October DNFs

Posted 30th October 2023 by Sia in Fantasy Reviews, Horror Reviews, Reviews / 0 Comments

Eight DNFs this month – twice as many as September! – but one was a case of ‘this is too scary for me’, not ‘this is a bad book’. The rest were a mix of ARCs and books I bought myself, but ultimately let me down.

The Grief Nurse by Angie Spoto
Genres: Fantasy
Representation: Pansexual everyone
ISBN: 1914518187
Goodreads
three-stars

Imagine you could be rid of your sadness, your anxiety, your heartache, your fear.

Imagine you could take those feelings from others and turn them into something beautiful.

Lynx is a Grief Nurse. Kept by the Asters, a wealthy, influential family, to ensure they’re never troubled by negative emotions, she knows no other life.

When news arrives that the Asters’ eldest son is dead, Lynx does what she can to alleviate their Sorrow. As guests flock to the Asters’ private island for the wake, bringing their own secrets, lies and grief, tensions rise.

Then the bodies start to pile up.

With romance, intrigue and spectacular gothic world-building, this spellbinding debut novel is immersive and unforgettable.

This is a book I’ve been trying to read since very early this year, but no matter how I try, it’s just not holding my interest. The prose is just a little bit off, like a song that’s just barely out of tune; the rhythm of it jars, is clunky instead of running smooth. And there’s so much telling, so much info-dumping, and I get that none of the characters are meant to be likeable – they’re clearly meant to be awful – but they’re not interesting. Awful-but-interesting is very allowed, but this cast is dull as dishwater, and while I liked the concept of the Grief Nurses, I really didn’t understand how this society had developed; the worldbuilding didn’t make much sense to me. I was interested in Lynx herself, and in the appearance of a second Grief Nurse in the household for her to interact with, but I couldn’t force myself through the out-of-tune prose to continue reading about her.

A Necessary Chaos by Brent Lambert
Genres: Fantasy, Queer Protagonists
Representation: Black queer MCs, M/M
ISBN: 1952086469
Goodreads
two-stars

In a world of magical empires and the anarchists that would tear them down, two mages are each assigned to spy on the other by opposing sides.

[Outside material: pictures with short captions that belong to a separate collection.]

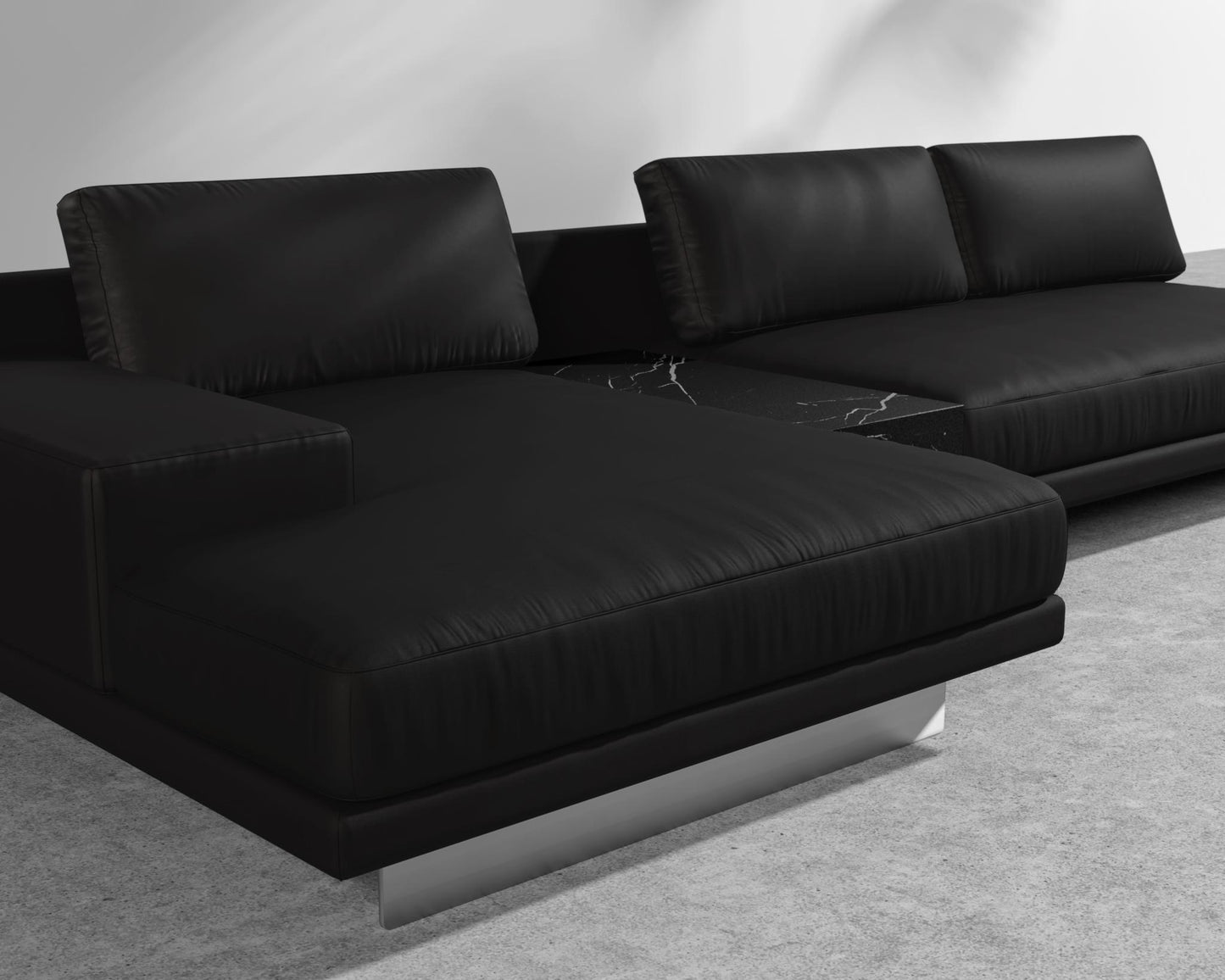 Dresden Outdoor Sectional Sofa - Arcadia - Black Pietra Ceramic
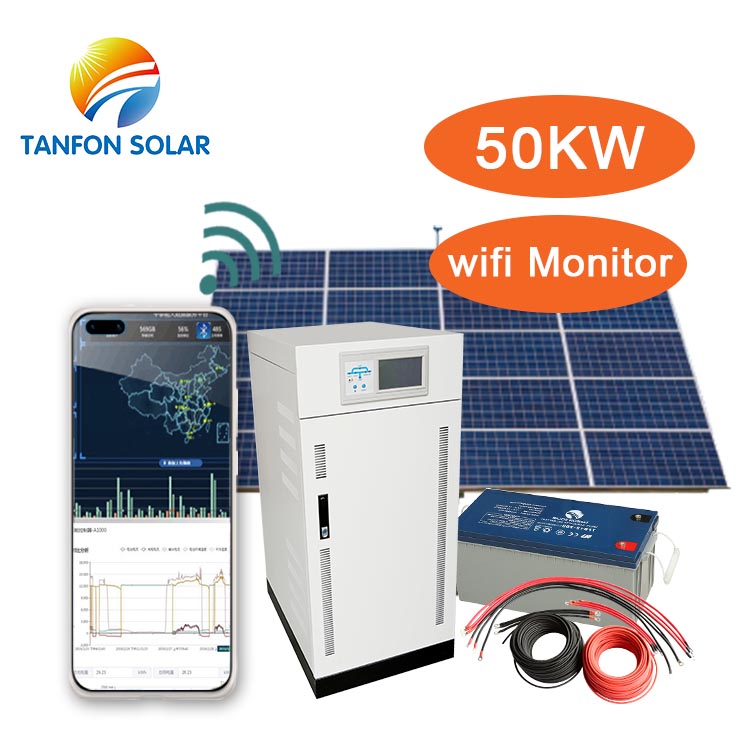off grid 50kw solar panel system solar mounting system with inverter battery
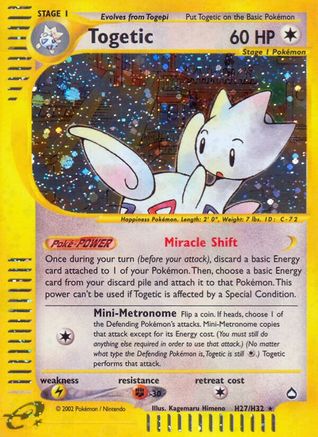 Image of Togetic (H27) H27  - Holofoil Aquapolis - Holo Rare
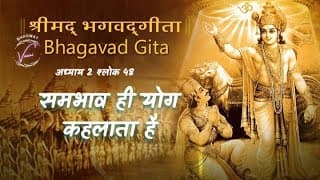 समभाव ही योग कहलाता है | भगवद गीता: अध्याय 2 श्लोक 48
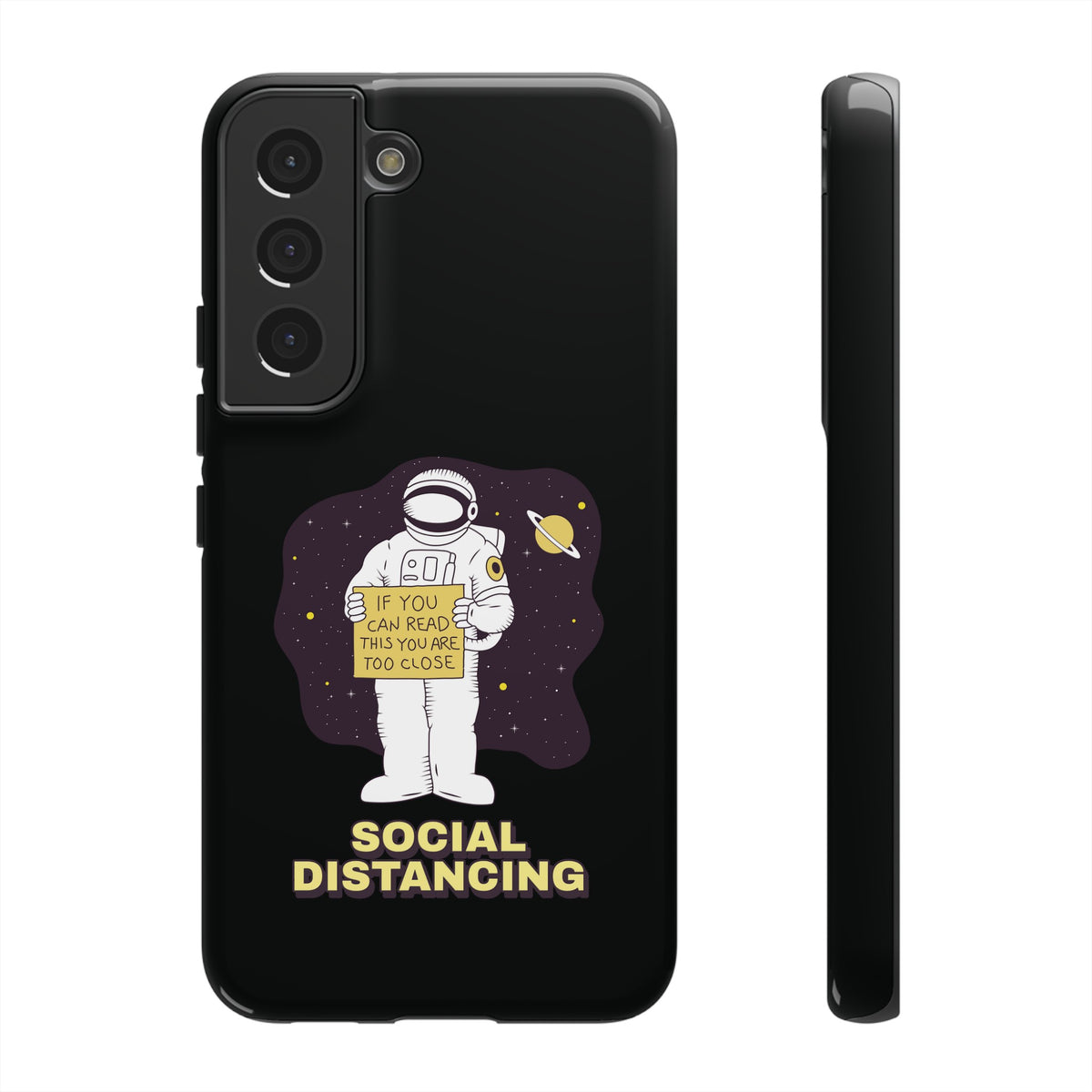 Social Distancing Astronaut Mobile Case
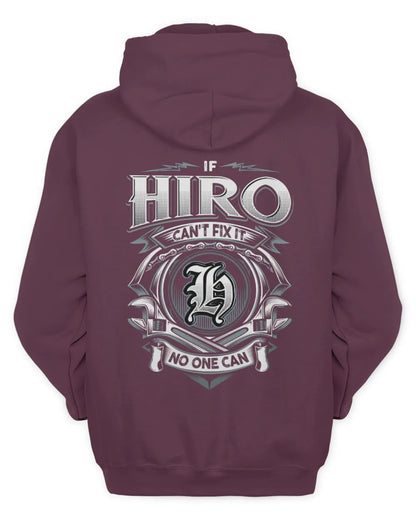 HIRO AP81-K4-626 - Personalized Ahmed Quote Apparel “If Ahmed Can't Fix It, No One Can” - Unisex Hoodie - Maroon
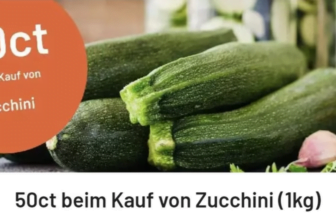 Cashback auf Zucchini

But when they both catch feelings, what happens when they’re commanded to kill their target?

After an incredibly long wait, A Necessary Chaos was a real disappointment. The novella opens with so much telling not showing and general infodumping that it’s clear this story shouldn’t have been a novella at all: it needed to be a full novel, fleshed out and taking up space instead of rushing so fast it tripped over itself. The dissonance between what this story is versus what it could/should have been was almost physically painful. No thank you!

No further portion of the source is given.